**Excerpted records**
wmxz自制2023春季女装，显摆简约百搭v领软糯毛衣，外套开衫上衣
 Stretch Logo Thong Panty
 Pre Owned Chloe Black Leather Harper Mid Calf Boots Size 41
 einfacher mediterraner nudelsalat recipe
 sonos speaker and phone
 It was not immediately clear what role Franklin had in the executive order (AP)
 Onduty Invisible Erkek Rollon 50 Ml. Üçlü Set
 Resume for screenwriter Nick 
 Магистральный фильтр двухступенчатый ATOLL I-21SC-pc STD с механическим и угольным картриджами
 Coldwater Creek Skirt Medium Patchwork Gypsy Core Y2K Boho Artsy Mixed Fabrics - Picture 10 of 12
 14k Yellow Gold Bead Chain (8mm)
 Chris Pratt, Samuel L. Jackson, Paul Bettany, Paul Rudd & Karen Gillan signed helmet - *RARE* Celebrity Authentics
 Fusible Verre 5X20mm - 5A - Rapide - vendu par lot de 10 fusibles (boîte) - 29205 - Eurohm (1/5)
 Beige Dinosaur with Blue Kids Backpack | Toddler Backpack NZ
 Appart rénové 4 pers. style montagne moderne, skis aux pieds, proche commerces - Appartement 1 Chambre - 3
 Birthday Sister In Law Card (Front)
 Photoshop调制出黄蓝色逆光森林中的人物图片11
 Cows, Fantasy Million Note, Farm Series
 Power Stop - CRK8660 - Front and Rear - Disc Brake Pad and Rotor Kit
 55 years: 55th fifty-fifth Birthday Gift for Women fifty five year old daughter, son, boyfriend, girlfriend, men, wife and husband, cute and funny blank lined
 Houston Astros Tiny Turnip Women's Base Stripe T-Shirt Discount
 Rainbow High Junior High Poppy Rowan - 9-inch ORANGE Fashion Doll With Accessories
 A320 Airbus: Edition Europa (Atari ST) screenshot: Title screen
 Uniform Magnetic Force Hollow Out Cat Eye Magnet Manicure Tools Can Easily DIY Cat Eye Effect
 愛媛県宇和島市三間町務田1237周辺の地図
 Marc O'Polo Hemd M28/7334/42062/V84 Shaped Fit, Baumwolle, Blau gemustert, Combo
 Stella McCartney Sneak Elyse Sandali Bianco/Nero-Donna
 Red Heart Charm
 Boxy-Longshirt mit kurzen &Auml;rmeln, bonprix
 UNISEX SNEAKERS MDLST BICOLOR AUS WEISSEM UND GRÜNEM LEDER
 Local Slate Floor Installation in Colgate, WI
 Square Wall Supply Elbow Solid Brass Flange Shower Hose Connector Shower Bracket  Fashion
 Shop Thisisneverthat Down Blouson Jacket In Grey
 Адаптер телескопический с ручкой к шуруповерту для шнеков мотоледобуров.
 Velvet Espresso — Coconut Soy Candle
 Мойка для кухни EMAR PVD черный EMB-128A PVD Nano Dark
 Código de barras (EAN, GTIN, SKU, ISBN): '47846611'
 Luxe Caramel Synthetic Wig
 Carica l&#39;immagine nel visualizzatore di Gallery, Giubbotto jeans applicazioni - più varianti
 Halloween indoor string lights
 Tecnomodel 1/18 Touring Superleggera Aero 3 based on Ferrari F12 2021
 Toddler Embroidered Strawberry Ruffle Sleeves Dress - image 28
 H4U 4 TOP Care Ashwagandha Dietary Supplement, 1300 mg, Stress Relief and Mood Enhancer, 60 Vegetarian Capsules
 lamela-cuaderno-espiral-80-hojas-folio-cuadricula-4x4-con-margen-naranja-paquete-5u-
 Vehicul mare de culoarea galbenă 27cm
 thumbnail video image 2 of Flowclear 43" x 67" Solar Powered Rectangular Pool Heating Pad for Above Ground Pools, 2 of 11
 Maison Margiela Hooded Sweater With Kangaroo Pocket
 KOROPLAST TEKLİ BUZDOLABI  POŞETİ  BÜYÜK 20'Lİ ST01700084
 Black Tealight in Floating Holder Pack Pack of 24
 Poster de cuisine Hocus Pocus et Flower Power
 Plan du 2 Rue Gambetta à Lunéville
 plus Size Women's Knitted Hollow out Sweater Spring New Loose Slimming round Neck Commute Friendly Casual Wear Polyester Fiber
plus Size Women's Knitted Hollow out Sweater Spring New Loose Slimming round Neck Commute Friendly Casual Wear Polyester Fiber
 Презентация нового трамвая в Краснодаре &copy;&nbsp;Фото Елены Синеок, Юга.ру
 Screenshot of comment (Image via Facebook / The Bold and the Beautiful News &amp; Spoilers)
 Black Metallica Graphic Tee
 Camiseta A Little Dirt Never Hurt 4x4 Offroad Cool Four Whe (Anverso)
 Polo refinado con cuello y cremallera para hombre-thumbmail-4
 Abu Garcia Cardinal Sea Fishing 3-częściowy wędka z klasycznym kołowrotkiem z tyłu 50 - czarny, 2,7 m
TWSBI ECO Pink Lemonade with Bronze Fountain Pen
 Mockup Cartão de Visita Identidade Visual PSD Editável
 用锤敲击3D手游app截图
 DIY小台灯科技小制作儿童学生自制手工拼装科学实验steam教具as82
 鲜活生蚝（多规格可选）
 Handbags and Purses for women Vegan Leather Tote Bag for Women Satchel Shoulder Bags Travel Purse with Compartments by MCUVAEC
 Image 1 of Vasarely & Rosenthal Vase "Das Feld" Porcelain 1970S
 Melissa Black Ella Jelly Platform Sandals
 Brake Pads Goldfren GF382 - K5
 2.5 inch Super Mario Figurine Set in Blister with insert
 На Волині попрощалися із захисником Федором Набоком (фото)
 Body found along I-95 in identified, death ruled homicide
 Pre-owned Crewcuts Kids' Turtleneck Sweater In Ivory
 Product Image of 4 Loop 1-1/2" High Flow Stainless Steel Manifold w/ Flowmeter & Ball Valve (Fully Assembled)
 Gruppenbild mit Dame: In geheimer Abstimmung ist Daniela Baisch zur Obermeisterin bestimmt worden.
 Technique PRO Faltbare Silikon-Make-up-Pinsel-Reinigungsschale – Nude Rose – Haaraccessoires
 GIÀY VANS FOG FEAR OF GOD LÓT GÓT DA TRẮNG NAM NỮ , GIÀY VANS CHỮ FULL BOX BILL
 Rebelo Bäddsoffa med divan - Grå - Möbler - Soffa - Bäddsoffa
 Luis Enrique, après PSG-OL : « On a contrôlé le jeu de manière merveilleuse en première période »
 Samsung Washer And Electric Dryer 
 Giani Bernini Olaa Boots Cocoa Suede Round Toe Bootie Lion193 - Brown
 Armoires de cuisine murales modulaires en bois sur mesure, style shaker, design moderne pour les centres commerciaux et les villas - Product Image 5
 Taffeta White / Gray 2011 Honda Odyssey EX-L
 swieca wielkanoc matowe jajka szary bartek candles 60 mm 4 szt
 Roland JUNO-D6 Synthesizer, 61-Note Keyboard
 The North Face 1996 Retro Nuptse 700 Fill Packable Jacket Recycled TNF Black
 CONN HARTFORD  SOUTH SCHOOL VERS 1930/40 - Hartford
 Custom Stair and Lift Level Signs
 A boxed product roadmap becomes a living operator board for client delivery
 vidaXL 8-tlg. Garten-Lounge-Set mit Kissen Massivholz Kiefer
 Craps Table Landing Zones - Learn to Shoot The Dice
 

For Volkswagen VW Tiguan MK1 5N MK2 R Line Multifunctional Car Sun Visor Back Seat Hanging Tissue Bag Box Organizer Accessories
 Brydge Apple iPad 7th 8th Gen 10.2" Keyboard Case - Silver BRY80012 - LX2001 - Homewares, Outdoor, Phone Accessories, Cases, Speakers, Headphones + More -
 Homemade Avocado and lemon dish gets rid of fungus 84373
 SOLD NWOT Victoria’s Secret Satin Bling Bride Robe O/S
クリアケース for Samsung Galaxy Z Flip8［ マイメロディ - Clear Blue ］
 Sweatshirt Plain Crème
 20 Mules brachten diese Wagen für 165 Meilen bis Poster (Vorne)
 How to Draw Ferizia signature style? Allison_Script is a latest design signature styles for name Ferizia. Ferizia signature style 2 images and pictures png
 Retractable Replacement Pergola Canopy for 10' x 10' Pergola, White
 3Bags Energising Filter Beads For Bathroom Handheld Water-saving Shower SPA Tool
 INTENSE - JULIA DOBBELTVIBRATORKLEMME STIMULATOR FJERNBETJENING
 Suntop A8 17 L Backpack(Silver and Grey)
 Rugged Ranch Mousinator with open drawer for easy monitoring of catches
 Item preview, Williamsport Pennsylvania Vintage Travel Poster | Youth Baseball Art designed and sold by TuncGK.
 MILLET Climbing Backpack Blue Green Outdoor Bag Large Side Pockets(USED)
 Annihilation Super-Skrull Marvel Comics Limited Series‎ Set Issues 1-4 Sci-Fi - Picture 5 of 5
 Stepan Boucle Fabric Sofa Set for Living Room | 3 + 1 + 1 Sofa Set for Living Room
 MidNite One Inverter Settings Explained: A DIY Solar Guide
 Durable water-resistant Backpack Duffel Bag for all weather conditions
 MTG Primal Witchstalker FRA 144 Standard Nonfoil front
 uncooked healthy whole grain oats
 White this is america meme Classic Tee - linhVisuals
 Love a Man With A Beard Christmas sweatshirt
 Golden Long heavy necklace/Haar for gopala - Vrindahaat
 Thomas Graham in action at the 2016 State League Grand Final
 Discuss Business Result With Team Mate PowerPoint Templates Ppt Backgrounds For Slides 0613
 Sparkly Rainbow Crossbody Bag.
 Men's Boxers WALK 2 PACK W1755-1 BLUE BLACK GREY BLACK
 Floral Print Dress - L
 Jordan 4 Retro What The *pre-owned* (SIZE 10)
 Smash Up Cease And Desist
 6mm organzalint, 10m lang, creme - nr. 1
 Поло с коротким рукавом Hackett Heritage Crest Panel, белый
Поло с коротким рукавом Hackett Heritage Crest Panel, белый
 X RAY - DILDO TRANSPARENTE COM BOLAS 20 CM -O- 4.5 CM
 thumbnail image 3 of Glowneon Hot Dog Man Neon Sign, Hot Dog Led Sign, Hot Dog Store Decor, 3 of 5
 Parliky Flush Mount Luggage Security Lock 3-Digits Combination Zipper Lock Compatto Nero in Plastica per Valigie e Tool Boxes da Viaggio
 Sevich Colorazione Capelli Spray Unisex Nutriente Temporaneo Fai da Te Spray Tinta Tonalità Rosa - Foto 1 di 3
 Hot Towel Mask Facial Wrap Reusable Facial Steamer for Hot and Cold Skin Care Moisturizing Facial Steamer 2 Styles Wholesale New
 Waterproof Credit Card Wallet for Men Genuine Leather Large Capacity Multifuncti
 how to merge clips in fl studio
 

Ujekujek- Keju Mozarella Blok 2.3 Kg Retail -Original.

**What to produce**
Across the listing above, find all lines where the word "Commute" is present and copy them.

**Solution below**
 plus Size Women's Knitted Hollow out Sweater Spring New Loose Slimming round Neck Commute Friendly Casual Wear Polyester Fiber
plus Size Women's Knitted Hollow out Sweater Spring New Loose Slimming round Neck Commute Friendly Casual Wear Polyester Fiber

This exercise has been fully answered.